Irreducible polynomials of the form $x^n - q$ Is there any easy way to see the following?
Let $n\in\mathbb{N}$. Let $a,b\in\mathbb{R}$ s.t. $a < b$. Then, there exists $q\in\mathbb{Q}$ s.t. $a<q<b$ and $p(x) = x^n - q$ is irreducible over $\mathbb{Q}[x]$.
That is, given a degree $n$ and an open real interval $I$, we can always find some rational $q\in I$ s.t. the polynomial $p(x) = x^n - q$ is irreducible over $\mathbb{Q}[x]$.
My current solution (using the binomial irreducibility criteria given here - Is the polynomial $x^{105} - 9$ reducible over $\mathbb{Z}$?) seems like overkill.
Thank you!
 A: Probably an overkill: 
I will prove the following statement: If $0<a<b$ we can find some $r \in \mathbb Q$ with $a < r <b$ so that all polynomials $X^n \pm r$ are irreducible. 
Using the prime number theorem you can prove that for each $\epsilon >1$ there exists some $N$ so that for all $n \geq N$ there exists a prime between $n $ and $\epsilon n$.
Now, let $\epsilon =\frac{b}{a}$ and pick some prime $q$ so that $bq > N_\epsilon$. Then, there exists some prime $p$ so that
$$bq < p <\frac{a}{b}bq =aq$$
This shows that we can find some $a <r <b$ rational which is of teh form $r=\frac{p}{q}$ with $p,q$ primes.

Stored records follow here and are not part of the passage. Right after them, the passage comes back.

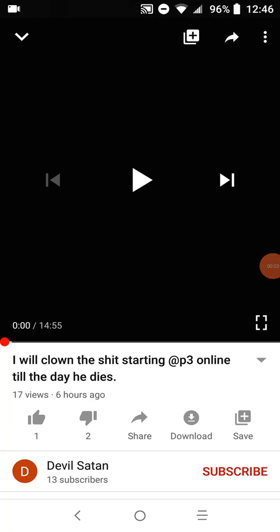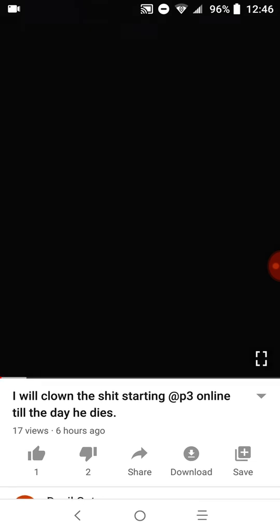Okay, let's listen to Devil Satan's latest video on me and break it down. Alright, I'm just going to say...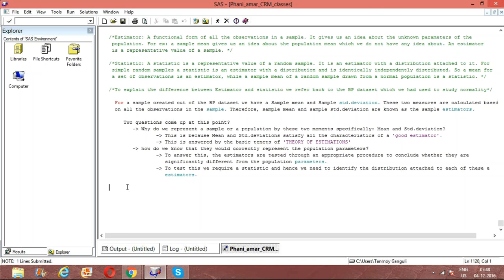For example, if there are 100 observations in a population, from there I create a sample of around 70 observations, then for that sample of 70 observations, we calculate the sample mean. Therefore, the sample mean will be the estimator for that sample. An estimator is the functional form or a representative value of a set of observations.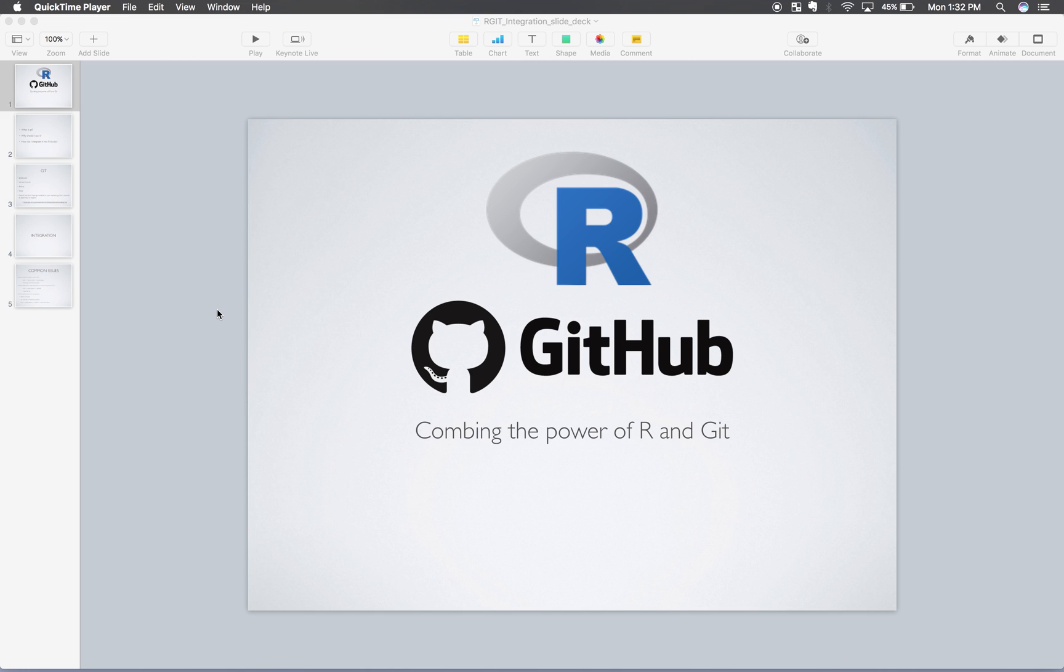Alright, welcome to this video recording. We're going to be going over R and integrating it with GitHub, combining the power of those two things, and you will soon see why that is so important.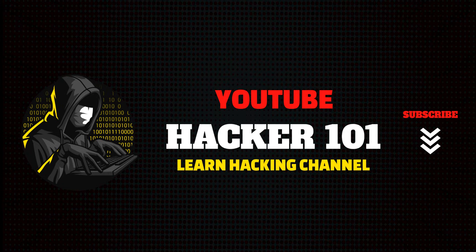Hey, what's up YouTube? Welcome back to Hacker 101.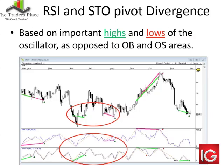Stochastic pivot divergence is based on important highs and lows of the actual oscillator, as opposed to the overbought or oversold areas. The two big red circles are the areas to look at. The bottom one shows the stochastic giving us the first trade — the oscillator crossed below 20 but then diverged later on a pivot point around the middle, around 50. We have price pivots going lower, the oscillator pivot going higher, and there was a short-term trading opportunity.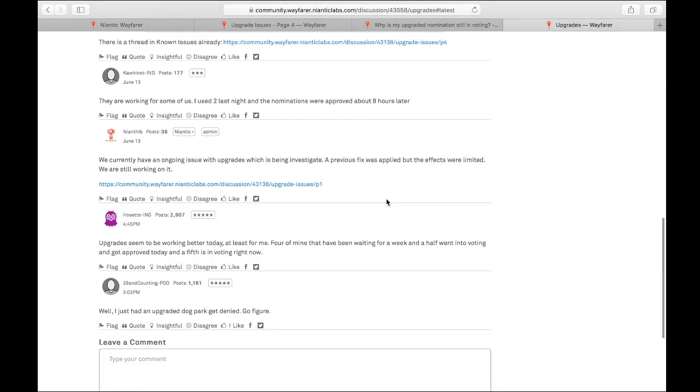Then I went to this upgrades Wayfarer thread, and on June 13th there was a post from Niantib that said, we currently have an ongoing issue with upgrades which is being investigated. A previous fix was applied, but the effects were limited. We are still working on it.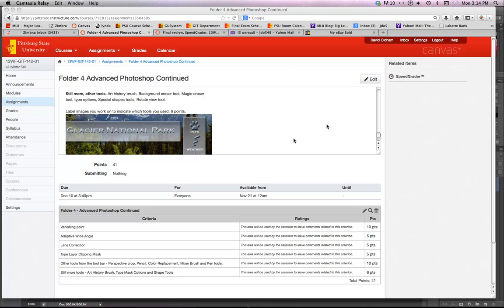Alright, as we finish up, still a few tools left that we demonstrated last week and I'll make a little video here of those. The Art History Brush, the Background Eraser Tool, the Magic Eraser Tool, Type Options, Special Shapes, and the Rotate View.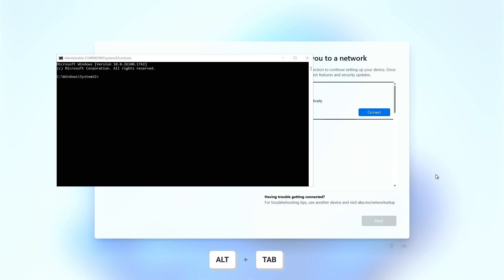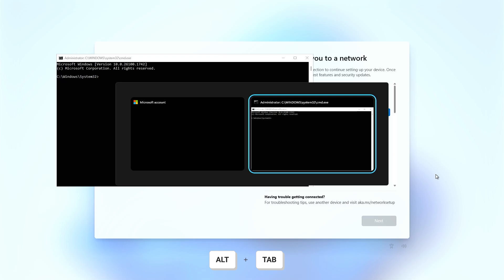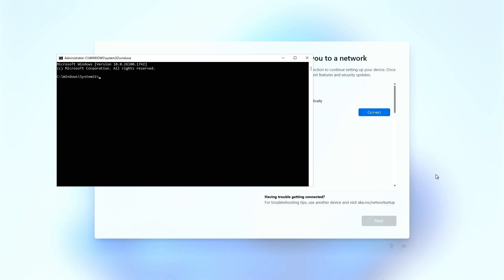Press the Alt+Tab key combination to switch to the command prompt window and make it active. As you can see, this resolves the issue and typing in the command prompt now works.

Now, by Eisenstein criteria, the polynomials
$$qX^n \pm p$$
are irreducible over $\mathbb Q$. 
A: First note that we can find a rational $\frac{a}{2}<\frac{k}{l}<\frac{b}{2}$ such that $k,l$ are odd (I leave it as an exercise, you can even constrain $l$ to be e.g. large power of $3$). Then I claim that $\frac{2k}{l}$ makes this work. Indeed, if $x^n-\frac{2k}{l}$ was reducible over $\Bbb Q$, then so would be $lx^n-2k$. But by Eisenstein's criterion it isn't the case, as $2\mid 2k,2^2\nmid 2k$ (because $k$ is odd) and $2\nmid l$ ($l$ is odd).